GIVEN DATA:
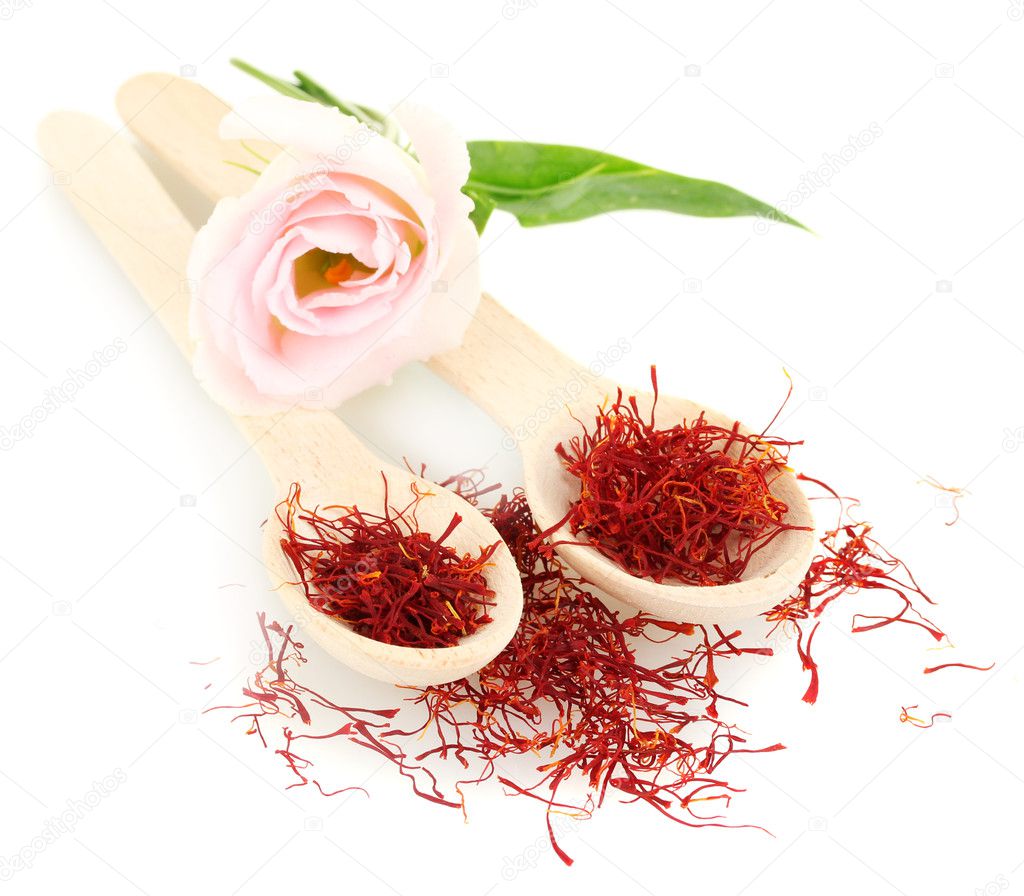 Stigmas of saffron in wooden spoons isolated on white close-up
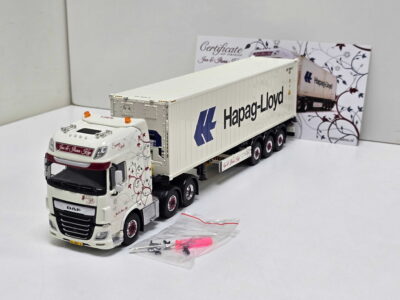 Scale-model white DAF truck with floral decals pulling a Hapag-Lloyd container in a studio setup, backdrop with decorative pattern.
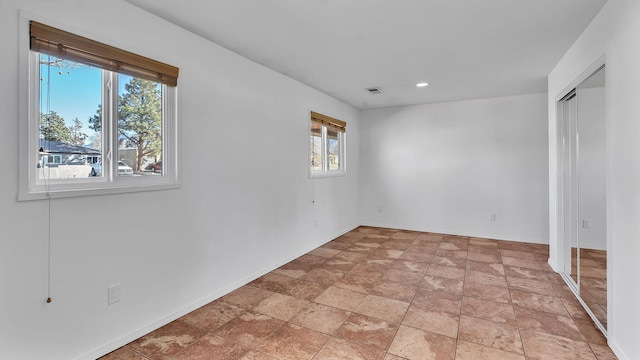 unfurnished bedroom featuring baseboards, visible vents, and recessed lighting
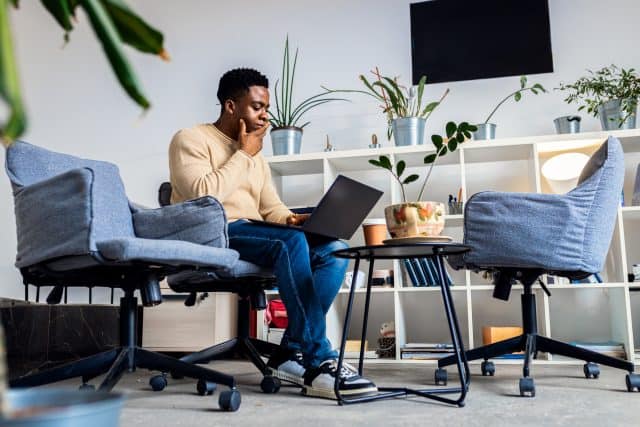 Young black men sitting in co-working space working while using laptop.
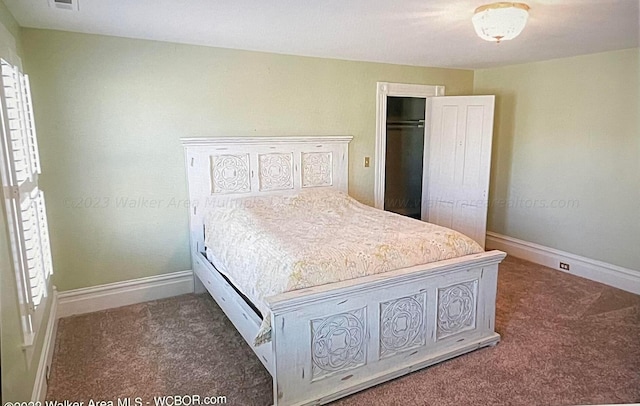 carpeted bedroom with a closet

EXERCISE GOAL:
Leave the pictures out. Extract exactly the lines running from the one with "Scale-model white DAF" through the last entry, both ends included.

ANSWER BELOW:
 Scale-model white DAF truck with floral decals pulling a Hapag-Lloyd container in a studio setup, backdrop with decorative pattern.
 unfurnished bedroom featuring baseboards, visible vents, and recessed lighting
 Young black men sitting in co-working space working while using laptop.
 carpeted bedroom with a closet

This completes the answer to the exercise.